3. Situations where adding an index should be avoided
In these situations adding an index may have a detrimental effect:
When the data in the table is frequently being inserted, updated or deleted. When this happens the index also has to be updated and this takes additional time.
For data where the number of distinct values present is not much less that the total number of rows. e.g. for continuously variable numeric data such as molecular weight.
The nature of typical searches in IJC warrants a special mention of what are sometimes called 'covering indexes'. Most searches on non-structure fields in IJC end up as looking like this at the database level:
select cd_id from jchem_table where cd_molweight <
(we assume a JChem table here for simplicity, and assume that we are querying on the molweight field, but the same applies to many searches). In this type of search there are a very large number of different values for the molweight, almost as many as there are rows. Adding an index to this type of field can make many searches slower not faster, especially for queries that return lots of rows (like the one above). The reason is that the index will be consulted for the values that match, but the table has then to be consulted for the cd_id value, and this results in an excessive amount of IO operations, and leads to worse performance than if the index was not present at all.
A solution that can remedy this situation is to add the cd_id column to the index as a second column. Indexes can be composed of multiple columns, and in this case you would create an index with the cd_molweight column as the first column and the cd_id column as the second column. This is often referred to as a 'covering index'. With this type of index the cd_id values can be obtained directly from the index, and the main table does not need to be consulted, resulted in significantly less IO and much better performance.
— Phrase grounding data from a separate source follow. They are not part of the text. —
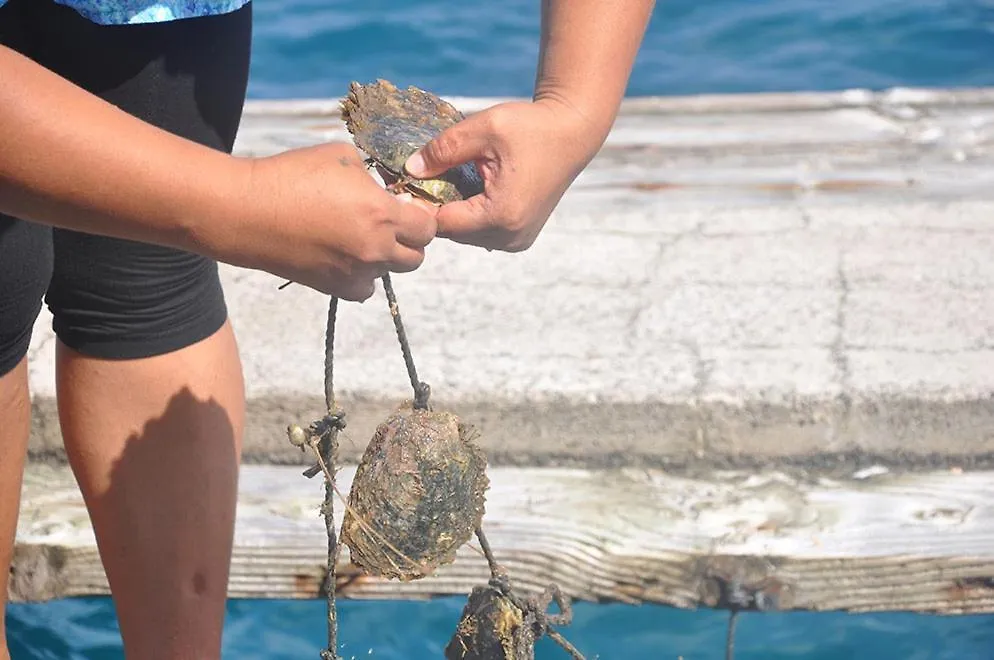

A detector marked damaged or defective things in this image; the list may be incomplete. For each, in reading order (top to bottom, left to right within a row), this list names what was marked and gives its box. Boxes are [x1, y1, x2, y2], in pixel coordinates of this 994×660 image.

cracked concrete [19, 87, 992, 472]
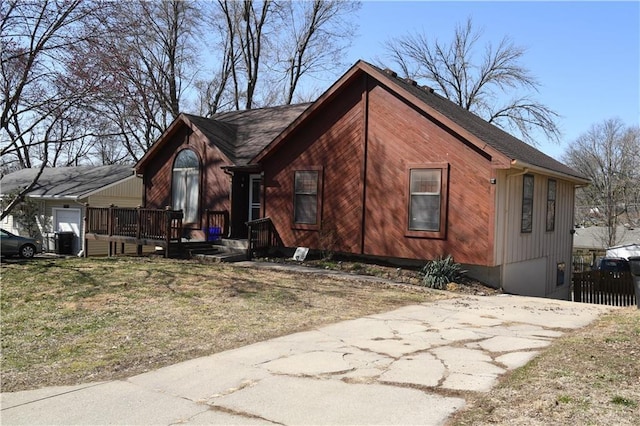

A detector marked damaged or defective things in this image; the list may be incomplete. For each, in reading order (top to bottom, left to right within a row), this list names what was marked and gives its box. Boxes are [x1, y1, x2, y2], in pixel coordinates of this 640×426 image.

cracked pavement [0, 294, 612, 424]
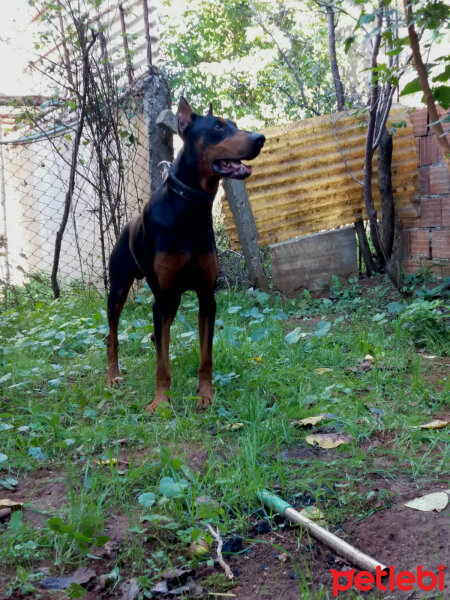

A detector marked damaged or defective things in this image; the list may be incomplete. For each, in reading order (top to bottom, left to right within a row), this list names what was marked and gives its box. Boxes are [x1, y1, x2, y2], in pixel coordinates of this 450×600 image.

rusty metal sheet [223, 105, 420, 248]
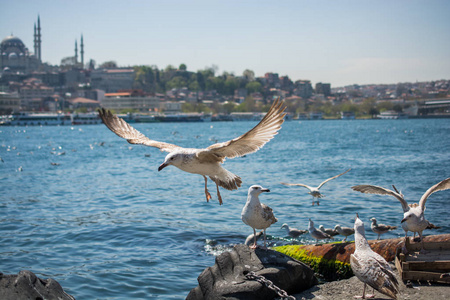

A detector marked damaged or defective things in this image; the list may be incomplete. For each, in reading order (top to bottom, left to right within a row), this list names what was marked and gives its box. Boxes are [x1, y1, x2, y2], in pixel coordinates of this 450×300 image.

rusty chain [244, 270, 298, 298]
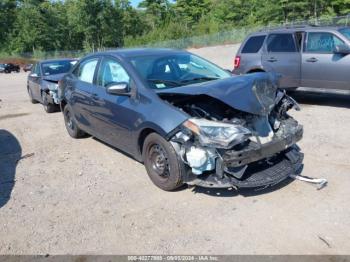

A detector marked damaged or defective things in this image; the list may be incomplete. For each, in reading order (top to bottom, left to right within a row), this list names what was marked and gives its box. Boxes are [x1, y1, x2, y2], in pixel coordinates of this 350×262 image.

However it must be stressed that whilst this solution sometimes works well it should be tested in every case to check that it is a good solution for the typical queries that will be run.
Do not use the 'covering index' approach if the column you are indexing has a small number of distinct values (e.g. a supplier name or id). Only use it when most values in the column are different. For columns having a small number of distinct values try using a normal index with just the single column.